Construção da BigBlock: Navegando Desafios Geopolíticos e Dinâmicas de Mercado
A expansão inicial da BigBlock Datacenter revelou tanto as oportunidades como os obstáculos severos inerentes às operações de mineração internacionais. A segunda instalação da empresa, instalada em Odessa, na Ucrânia, exemplificou os riscos geopolíticos que Gouspillou enfrentaria repetidamente. Operando 200 mineradores ASIC S9 em contentores, Gouspillou e Augusti enfrentaram não só curvas de aprendizagem técnicas, mas também hostilidade institucional. “Era muito difícil trabalhar na Ucrânia naquela altura, porque as pessoas na Europa e nos bancos costumavam dizer: ‘Estás louco? É um Estado terrorista’”, recordou Gouspillou.
As ameaças reais foram mais graves do que as preocupações de reputação. Funcionários corruptos do governo, incluindo o Serviço de Segurança (SBU), invadiram a instalação e obrigaram Gouspillou a pagar uma taxa de extorsão de oito Bitcoins para retomar as operações. Quando reconectaram as máquinas, os custos de eletricidade tinham duplicado, tornando a continuação da operação economicamente inviável. A empresa mudou-se para o Cazaquistão em 2018.

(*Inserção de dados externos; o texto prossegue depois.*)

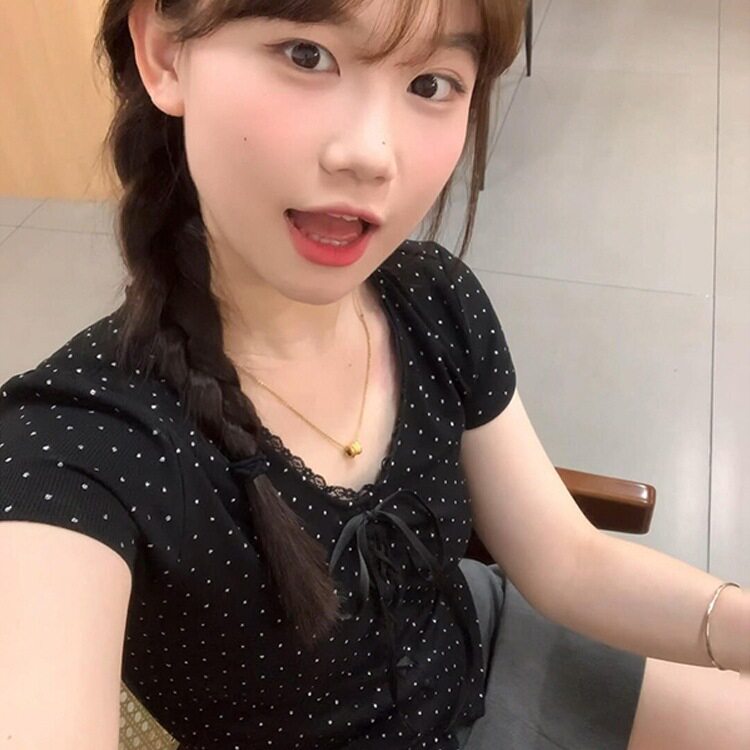 2*2黑色蕾丝蝴蝶结波点正肩短袖t恤女夏甜辣妹修身短款上衣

No Cazaquistão, Gouspillou e Augusti inicialmente operaram ao lado de Valery Vavilov e da equipa da Bitfury no mesmo lago. Contudo, organizações criminosas organizaram ataques à operação. Membros da máfia apreenderam máquinas e sequestraram Gouspillou durante a noite, exigindo pagamento para devolver o equipamento. Com a queda do preço do Bitcoin em 2018, estas perdas foram devastadoras—Gouspillou perdeu 20 quilos de peso corporal num único ano. O impacto financeiro e emocional levou a sua esposa a questionar o seu compromisso com a mineração, incentivando-o a regressar a uma carreira convencional. Apesar de estar na faixa dos 40 anos, Gouspillou recusou-se a abandonar o projeto, sustentado pela convicção de que o valor do Bitcoin recuperaria eventualmente.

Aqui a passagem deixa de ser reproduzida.